二日目 3/5
「嫌です! やめてください!」
「まーそういうなよ、俺達と遊ぼうぜネエちゃん」
「あいつらか……!」
龍野が様子を伺うと、睦月は男二人にナンパされている真っ最中だった。
「しつこい男性は嫌いです!」
「いいからさ、チャンスくれって。必ず楽しませてやっから」
睦月をナンパしていたのは、黒髪のメガネ男だ。
「(見てらんねえな……あいつら、恥を知れ)」
龍野は睦月の側まで駆け寄る。
「おい」
「何だお前?」
「俺はこいつの兄だ」
「ほーん、で? おニイ様が、何の御用で?」
「俺の妹に軽々しく話し掛けるんじゃねえ」
「お? やんのか?」
茶髪のチャラ男が、龍野を挑発する。
「下がってろ」
睦月を下がらせると、服の袖を上腕まで捲った。少女の太ももよりも太い上腕が、外気に晒される。
「場所を移してやるか?」
龍野が切り出す。だが、ナンパ男二人は何も言えなかった。
「お兄ちゃん……(腕、すごいたくましい……!)」
睦月まで絶句している。龍野は構わず続けた。
「おい、どうなんだ?」
「どうなんだ……って、俺はあんたと喧嘩する気は無いんだ! こいつが……」
「つか、どうするよ!?」
「どうするって、あんな腕の持ち主と喧嘩しても……負けるだろ!?」
「クソ、極上の獲物を前に……!」
男二人が相談し始める。

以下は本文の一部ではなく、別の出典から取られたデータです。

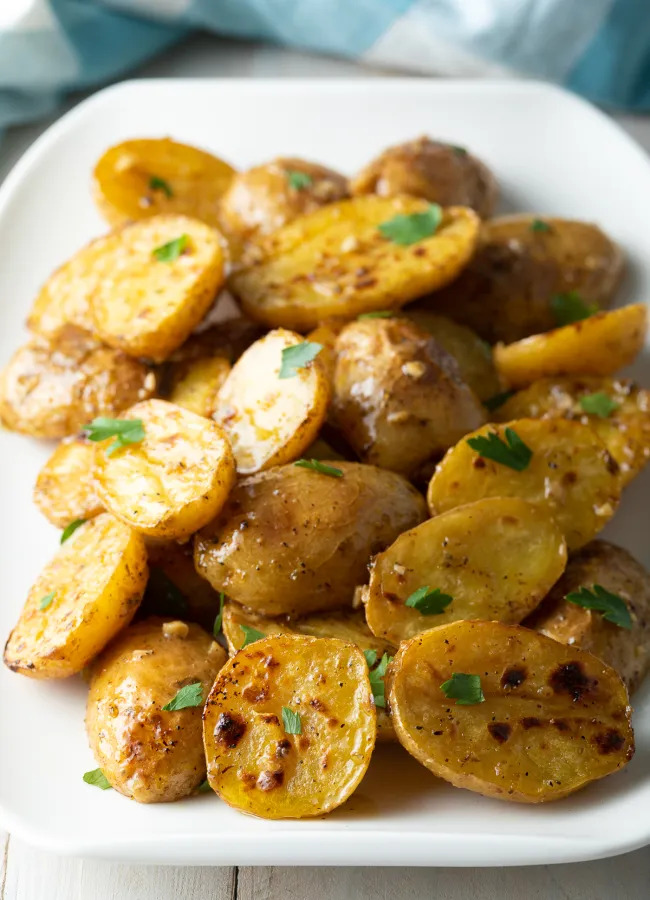 Roasted Greek lemon potatoes, fork poking baby potatoes with Greek lemon sauce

龍野は警戒を緩めぬまま、睦月に話しかけた。
「触られた以外には何もされてないな?」
「う……うん、お兄ちゃん」
「つーか、突然俺への呼び方が変わってびっくりしたぞ」
「びっくりしたのはこっちだよ……どうしてそんな腕を持ってるの?」
「おい、口調まで変わってるぞ」
「仕方ないでしょ、こんな場所でいつもの口調だと怪しまれるしっ!」
「で、腕か。そりゃ、毎日鍛えたからに決まってるだろ!」
「「!?」」
ナンパ男二人が揃って驚愕する。
「それでどうすんだ? やんのか、やらないのか?」
「おい、やめとけよ!」
「やんねえよ! クソッ……覚えてろ!」
二人がそそくさとその場を去る。それを確認した龍野は、アイスクリームを売っている店に向かった。
「何とか追い払ったな。無事で何よりだ」
「……」
睦月は何も言えなかった。龍野の体格が、威圧感が、そして何より『兄』としての頼りがいといった魅力が全身から溢れていたせいで、呆然としてしまった。
早い話、龍野の気迫にアテられてしまったのだ。
「アイス、食うか?」
「う、うん!」
「何を頼んでもいいぜ。その為に財布も持ってきた。さ、どれにするんだ?」
「えっとね……」
アイスを注文する睦月は、半ば上の空であった。